The API shall be available in both C++ and Python, ensuring seamless integration for applications written in either language. Python support shall be compatible with Python 3.7 and later to align with widely used Python versions.
Library Design
The API shall be intuitive, well-documented, and easy to use, supporting various client needs across different use cases.
The library design shall allow for the addition of new metadata fields in manifest files without breaking existing functionality or requiring changes to client code. Backward and forward ABI (Application Binary Interface) compatibility shall be maintained to ensure smooth upgrades and integration with existing systems.
The backend technologies used in the library should be modular and swappable, allowing for future changes or replacements of these technologies without affecting the end user’s experience. Clients should not need to modify their applications when such backend changes are made.
Architecture and Design Considerations
The library follows an onion architecture, where each layer has a distinct role, forming a clear separation of concerns:
Implementation
Developed using Test-Driven Development (TDD) to ensure robustness and maintainability
This layer forms the core logic which provides the essential functionalities that are leveraged by higher-level components
API
Serves as the public interface for the library
Designed to provide an ABI-compatible interface to support future extensions and interoperability
This layer wraps the underlying implementation objects to expose a consistent and safe public interface
Each API object essentialy acts as a proxy, forwarding calls to the corresponding implementation object that it encapsulates
Bindings
Automatically generated Python API using the SWIG library, based on the existing C++ public API
This layer enables the use of the library in other languages by generating language-specific wrappers for the C++ API
Tests
Comprises comprehensive test suites for: - The implementation layer (TDD-driven) - The API layer to ensure the public API adheres to its defined contract - The bindings layer to validate cross-language compatibility
The overall structure ensures that the core logic is decoupled from the public API, enabling flexible API design and easy integration of additional bindings. This separation also allows the testing strategy to be applied at multiple levels, ensuring high coverage and reliability.

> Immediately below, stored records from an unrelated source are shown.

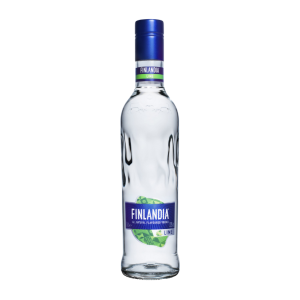FINLANDIA LIME 750ML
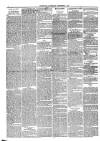 Inverness Advertiser and Ross-shire Chronicle Tuesday 01 September 1857 Page 2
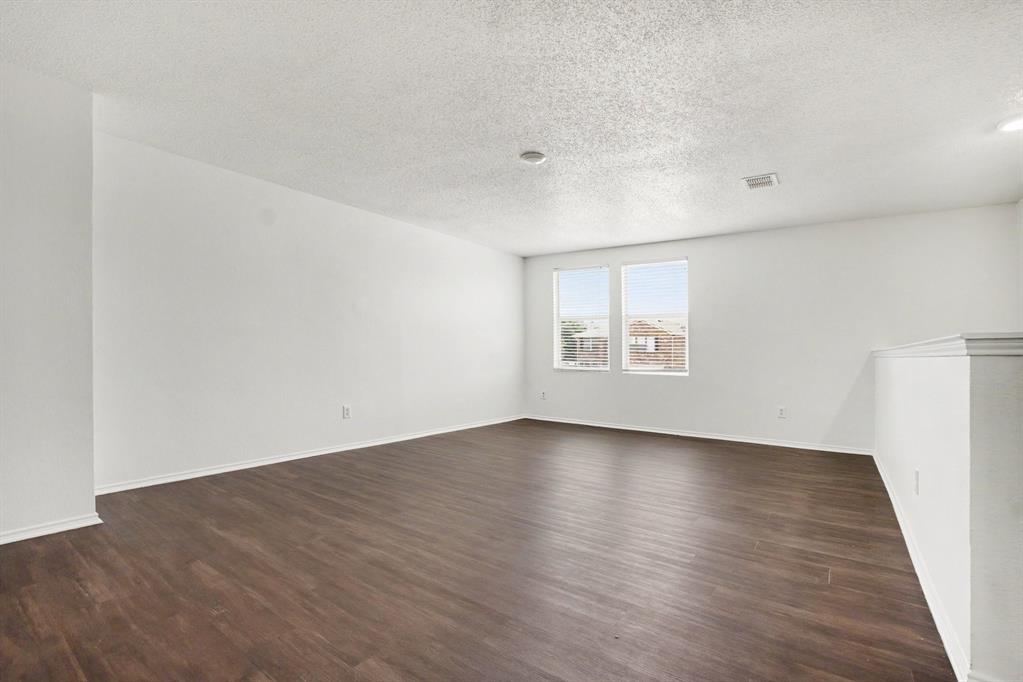 Canyon Rdg - Residential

High-Level Architecture Diagram
API
The diagram below illustrates the relationships between all objects exposed in the public user interface.
At the top, two operational classes, Parser and Serializer, are used to handle the Manifest object and its subcomponents.

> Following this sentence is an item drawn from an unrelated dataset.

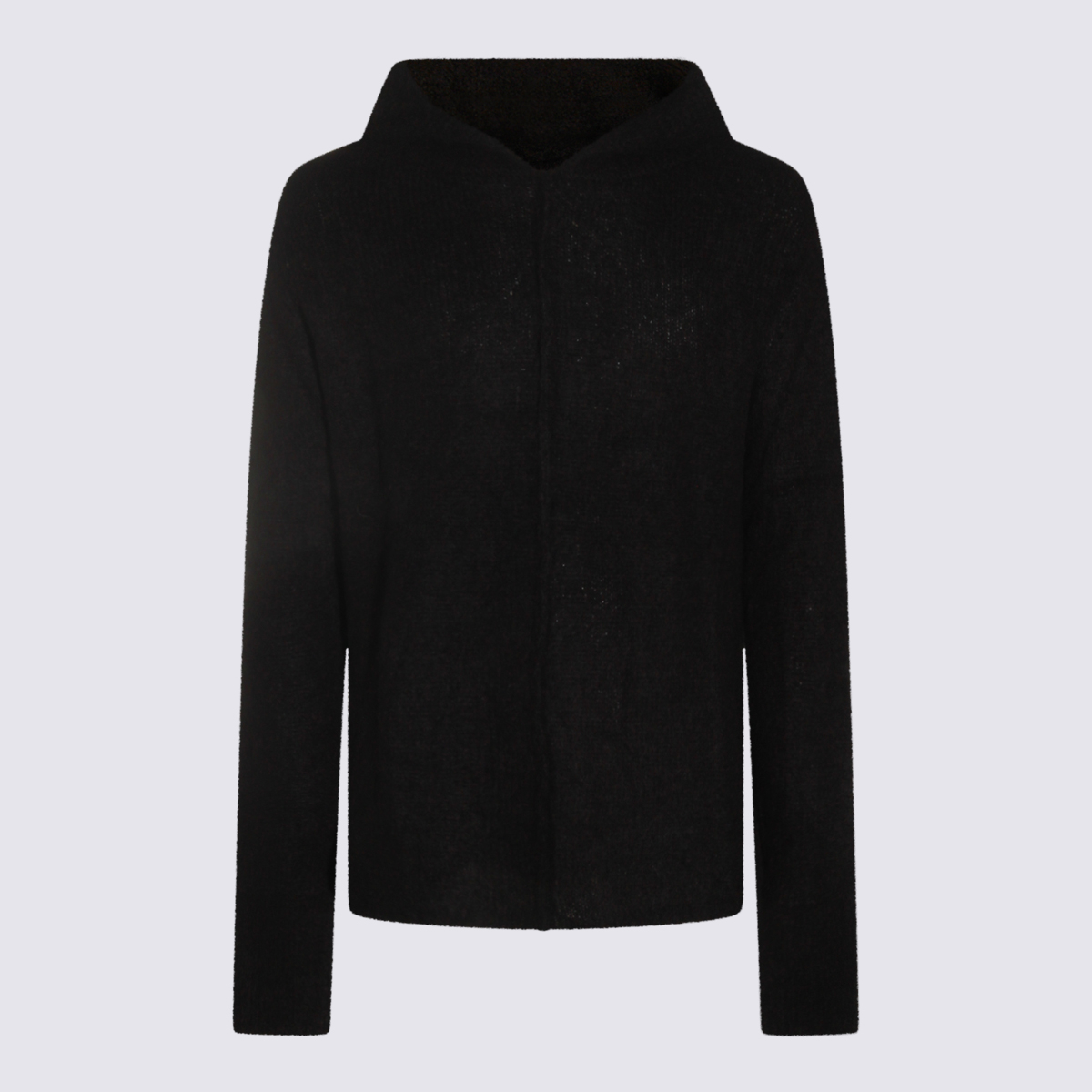 [Thom Krom] Knitwear FW25 MK12611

Below them are the various objects that make up the manifest, corresponding to their structure in the file.
Implementation
The diagram below details a specific implementation of the Version object, along with all the classes required for its use in the operational classes mentioned above. Other manifest objects follow the same pattern.
The purpose of each class should be self-explanatory and is outlined as follows:
Factory: Creates an empty instance of a specific manifest object.
Parser: Handles parsing the object from a data node.
Serializer: Manages serializing the object into a data node.
YamlNode: Provides the backend interface for processing YAML data nodes.
Data Flow
The data flow in this library is managed through a series of interconnected classes, each adhering to the Single Responsibility Principle (SRP).
The attached diagram illustrates the parsing of the manifest file and the overall flow of data through the library, highlighting the modular structure resulting from TDD practices.
Dependencies
Here is the list of dependencies used in the project:
- yaml-cpp
YAML document parser and serializer.
- SWIG
Generator of high-level programming language APIs.
(Only needed when building with Python bindings.)
- GoogleTest
Google’s C++ testing framework.
(Only needed when building with tests.)